The reduction in the bearing count leads to a reduction in friction losses since, during operation, each bearing contributes to the aggregate friction loss. This means that, with the pump-motor unit of the present invention, the same pump capacity or rating can be achieved using a smaller-capacity motor, thereby achieving an efficient pump-motor combination. Thus, the electric motor, and the complete pump-motor unit, can be made smaller and compacter, compared to those of the prior art.
A further advantage is the provision of a compact pump-motor unit, since the count of bearings is reduced, and the pump-motor unit, at least in its axial dimension, can be made compactly.
A further saving measure or cost reduction is the elimination of a coupling, which would otherwise be needed to connect two shafts together.
A further advantage, beyond the cost-effective manufacture of the pump-motor unit, is an extension of the service life of the pump-motor unit since, due to the reduction in component count, there are fewer components which are vulnerable to failure or breakage.
According to a preferred embodiment of the invention, the first rotor, which is at least partially connected to the shaft, and/or the second rotor, are coupled by press-fitting to the shaft. A force-locking coupling in the form of press-fitting or press-coupling connection between the rotors and the shaft has advantages over other types of connections. A secure connection can be created, in a simple manner, with the aid of a press-on connection. In contrast to a screw connection, no additional fastening elements are needed.
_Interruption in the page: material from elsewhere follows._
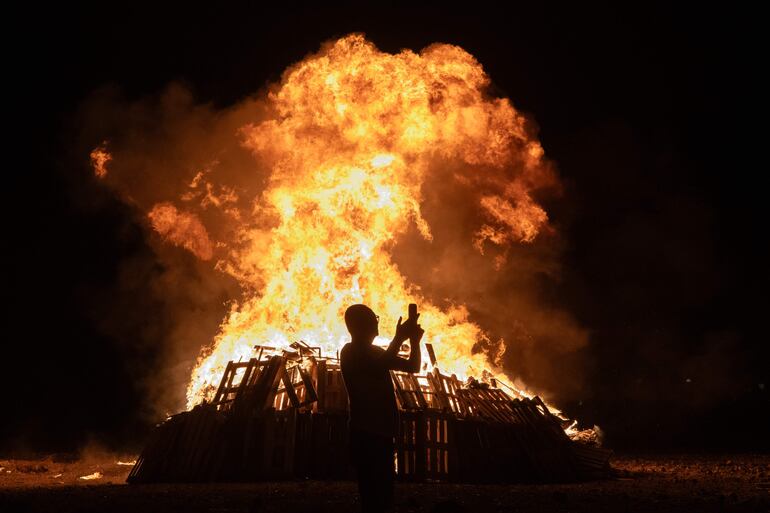 Imagen de una de las hogueras encendidas en la tradicional Noche de San Juan. Tradición de otros países.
Under appropriate circumstances, this connection can be undone by a corresponding application of force; during creation of the press-fit connection, releasibility by application of a predetermined amount of force can be engineered-in. Such possible releasibility is an advantage over a bonded connection, since that would form a non-releasable connection between the rotors and the shaft.
According to a further embodiment, the shaft is radially journaled by using a first radial bearing and a second radial bearing, the first rotor being arranged between the first radial bearing and the second radial bearing. For radial support of the shaft, associated with the rotors, two radial bearings are provided.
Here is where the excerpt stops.